Brothers Mehmet, Agron and Ilya were arrested by the Serbian police, charged with crossing the border illegally and sentenced to a short prison term. They were taken out of jail and executed and their bodies were found in a mass grave.
The State Department said it was “publicly designating” Radosavljevic due to his involvement in gross violations of human rights under a regulation which makes him and his immediate family members “ineligible for entry into the United States”. “Radsosavljevic was credibly implicated in the 1999 murder of the Bytyqi brothers, three Albanian-American brothers killed in Serbia after the Kosovo War,” the press release added.
Radosavljevic told Radio Free Europe that he is not interested in the State Department decision. “I’m not going to react to that, I’m not interested in it nor does it affect me,” he said. He also denied any responsibility for the death of the Bytyqi brothers. “I gave statements to investigators and spoke about this a thousand times and it makes no sense to speak about it now,” he said.
Radosavljevic was a professional police officer and first commander of the Serbian Gendarmerie with the rank of police general.

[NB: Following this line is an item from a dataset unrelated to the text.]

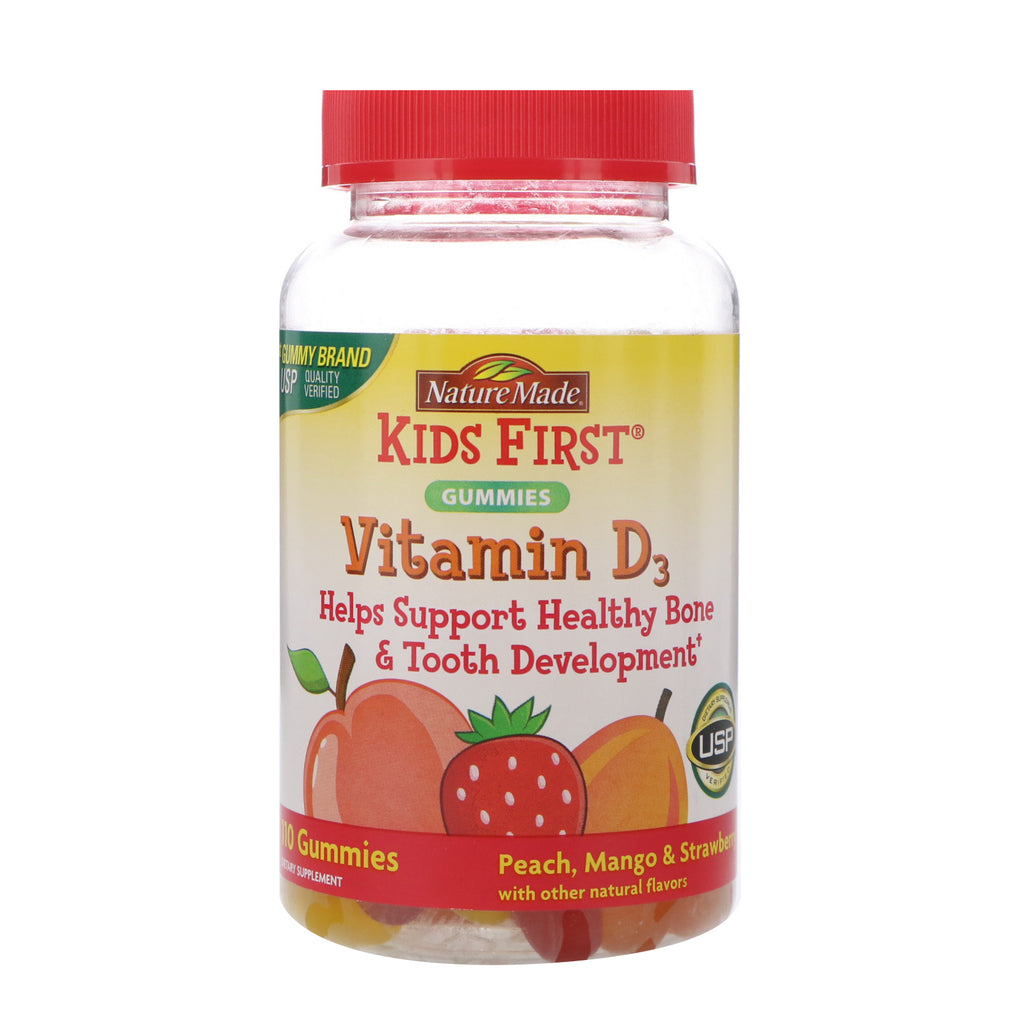 Fabriqué par la nature, les enfants d'abord, bonbons gélifiés à la vitamine D3, pêche, mangue et fraise, 110 bonbons gélifiés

He commanded several operations by police special forces during the Kosovo war and later in southern Serbia. He is reported to have received the approval of the US in 2003 to lead a contingent of 1,000 Serbian troops who were to have been deployed with the international forces in Afghanistan. He he retired from the police in 2005. Radosavljevic joined the Serbian Progressive Party (SNS) in 2010. He has not been seen in public over the past few years.